** Information provided follows **
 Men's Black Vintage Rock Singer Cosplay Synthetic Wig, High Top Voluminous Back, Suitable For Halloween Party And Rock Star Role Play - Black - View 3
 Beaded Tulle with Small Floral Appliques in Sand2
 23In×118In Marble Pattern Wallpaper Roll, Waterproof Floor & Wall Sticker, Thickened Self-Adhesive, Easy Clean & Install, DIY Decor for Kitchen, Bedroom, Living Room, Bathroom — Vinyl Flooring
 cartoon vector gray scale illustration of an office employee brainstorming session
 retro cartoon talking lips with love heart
** End of Information provided **
** Information provided follows **
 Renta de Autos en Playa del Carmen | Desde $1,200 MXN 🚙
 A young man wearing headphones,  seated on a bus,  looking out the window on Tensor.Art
** End of Information provided **
** Information provided follows **
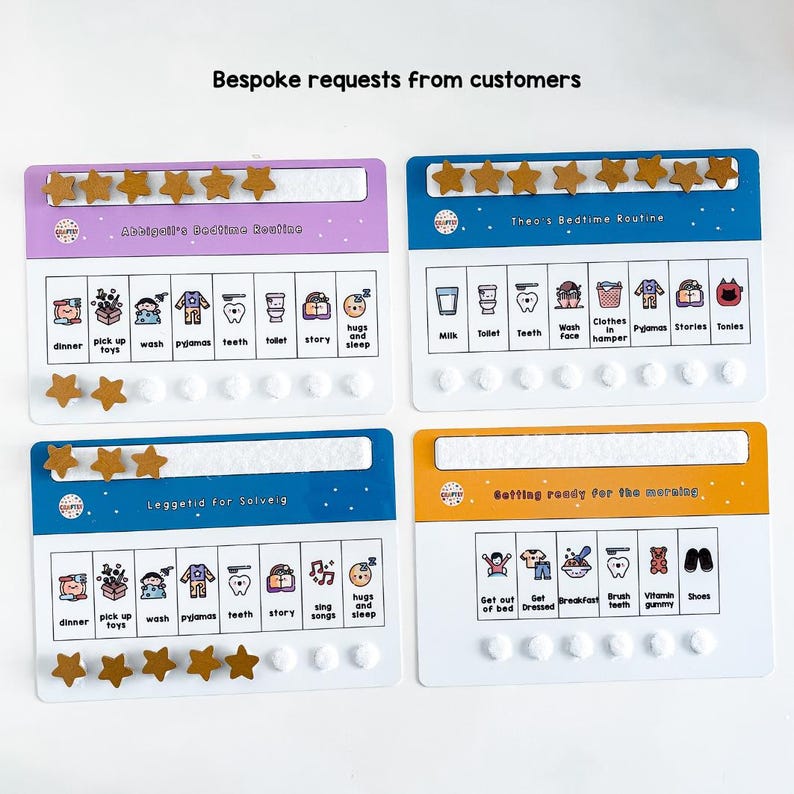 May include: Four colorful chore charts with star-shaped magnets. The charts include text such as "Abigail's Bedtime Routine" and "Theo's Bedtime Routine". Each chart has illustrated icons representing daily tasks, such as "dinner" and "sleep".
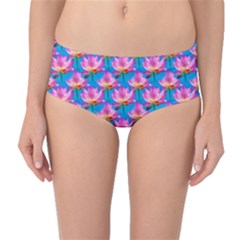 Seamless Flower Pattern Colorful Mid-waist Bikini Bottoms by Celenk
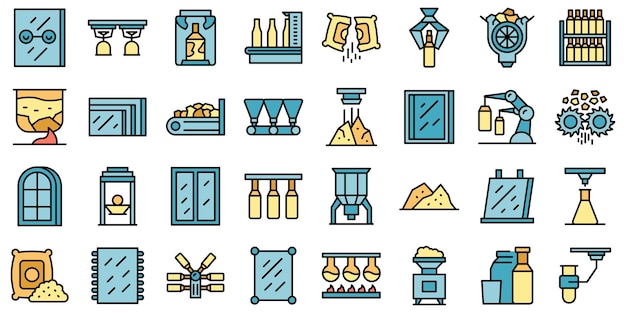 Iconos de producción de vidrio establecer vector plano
** End of Information provided **
-- Task details --
Give only the lines from the one holding "Beaded Tulle with" through the one holding "retro cartoon talking lips with love heart", each restated exactly as it appears above.

-- Result --
 Beaded Tulle with Small Floral Appliques in Sand2
 23In×118In Marble Pattern Wallpaper Roll, Waterproof Floor & Wall Sticker, Thickened Self-Adhesive, Easy Clean & Install, DIY Decor for Kitchen, Bedroom, Living Room, Bathroom — Vinyl Flooring
 cartoon vector gray scale illustration of an office employee brainstorming session
 retro cartoon talking lips with love heart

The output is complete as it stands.